En mis relatos, lo fantástico y lo extraño surgen de manera natural, porque sostener ese mundo a través del lenguaje es lo que más me divierte y me desafía.
Lo sorprendente es que los personajes, ante situaciones fantásticas e increíbles, actúan de manera natural, y el lector termina aceptándolas también. ¿Cómo trabajaste ese «pacto» con el lector?
Esa es una de las cosas que más me divierten al escribir. A medida que desarrollo la historia, para mí esos elementos fantásticos dejan de serlo: se convierten en la realidad del relato. Al sostener esa «realidad» con el lenguaje, creo un pacto secreto con el lector, en el que ambos aceptamos ir juntos a descubrir ese mundo extraño.
Me gusta pensar en el lenguaje como un hechizo que sostiene el relato, palabra tras palabra. Esa relación con el lector es lo que hace que todo funcione.
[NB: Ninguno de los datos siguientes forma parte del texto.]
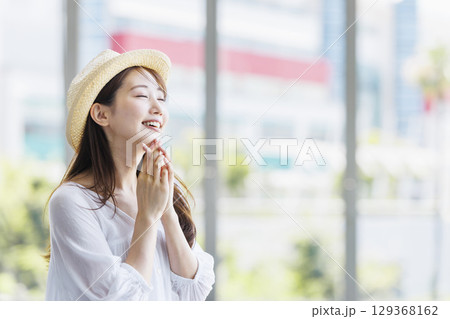 麦わら帽子をかぶって観光を楽しむ若い女性 129368162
'La máquina de hacer pájaros'
Autora: Natalia García Freire
Editorial: Páginas de Espuma
112 páginas. 16 euros
Por primera vez publicas con Páginas de Espuma, una editorial referente en el cuento, y te unes, además, a otras dos compatriotas como María FernandaAmpuero y Mónica Ojeda (¡vaya tridente!). ¿Qué significa para ti formar parte de este sello?
Es emocionante y un honor. Páginas de Espuma no solo publica relatos, sino que trabaja para crear lectores de cuento, lo cual es un doble esfuerzo. En Latinoamérica hay una gran tradición de cuentistas. En Ecuador, por ejemplo, tenemos a César Dávila Andrade, un poeta y cuentista maravilloso. Y en toda Latinoamérica tienes muchos más ejemplos donde el cuentista es importantísimo. En ese sentido, teniendo en cuenta que la presencia de Páginas de Espuma se ha ido como consolidando como esa casa que devuelve la tradición del cuento en español, formar parte de ella es algo que me llena de alegría.
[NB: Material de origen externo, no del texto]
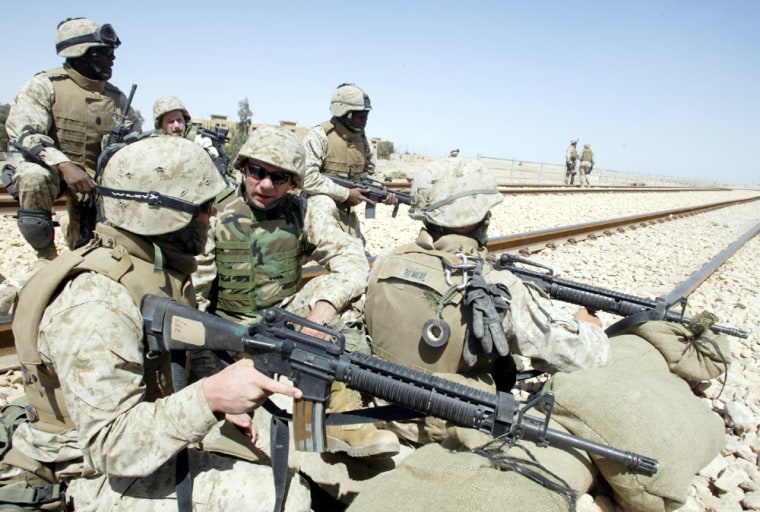 Lt. Gen. James T. Conway, Commanding General of Ist Marine Expeditionary Force, second left, in the outskirts of Fallujah in April.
¿Y cómo ha sido el reto de ajustarte a las estructuras del cuento frente a la novela?
Escribir cuentos fue un verdadero desafío para mí. Siempre he sido una gran lectora de relatos, especialmente en mi niñez y adolescencia, cuando devoraba lo que podía encontrar del cuento latinoamericano. Sin embargo, acercarme más a este género me reveló un territorio fascinante pero complejo. En una novela, sientes que sigues una historia; en un relato, en cambio, vas tras algo escurridizo, como una epifanía o una revelación, persiguiendo un lenguaje que parece siempre ir más rápido que tú.
El relato es un espacio extraño, como ser un jinete sin cabeza intentando articular algo intangible. Al comenzar a escribir este libro, me encontré con relatos que no llegaron a la versión final porque no lograba encontrar ese «algo». Fue un proceso de búsqueda y reto constante, pero al mismo tiempo una oportunidad para desarrollar una relación más íntima con los personajes. Aunque el tiempo narrativo es más breve, la necesidad de condensar ese instante crucial, ese despertar de los personajes, me permitió acercarme mucho más a ellos que en una novela.
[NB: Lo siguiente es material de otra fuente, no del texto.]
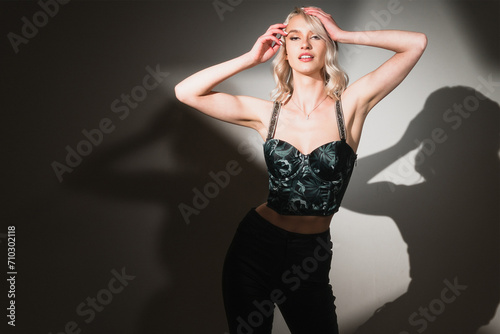 Stunning Blonde Woman with Mesmerizing Blue Eyes Strikes a Pose in Studio with Creative Spotlight Effects - A Visual Delight!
Para mí, escribir cuentos implica reescribir y reescribir, ir afinando hasta sentirme cada vez más cerca de la verdad de un personaje. A diferencia de las novelas, donde suelo avanzar con más estructura, en los relatos podía destruir la historia por completo y empezar de nuevo una y otra vez, lo cual se convirtió en algo muy divertido. Esa libertad de romperlo todo para reconstruirlo fue adictiva. Me encantó esa posibilidad de explorar desde cero tantas veces como fuera necesario, lo que me hizo sentir que podría escribir relatos para siempre.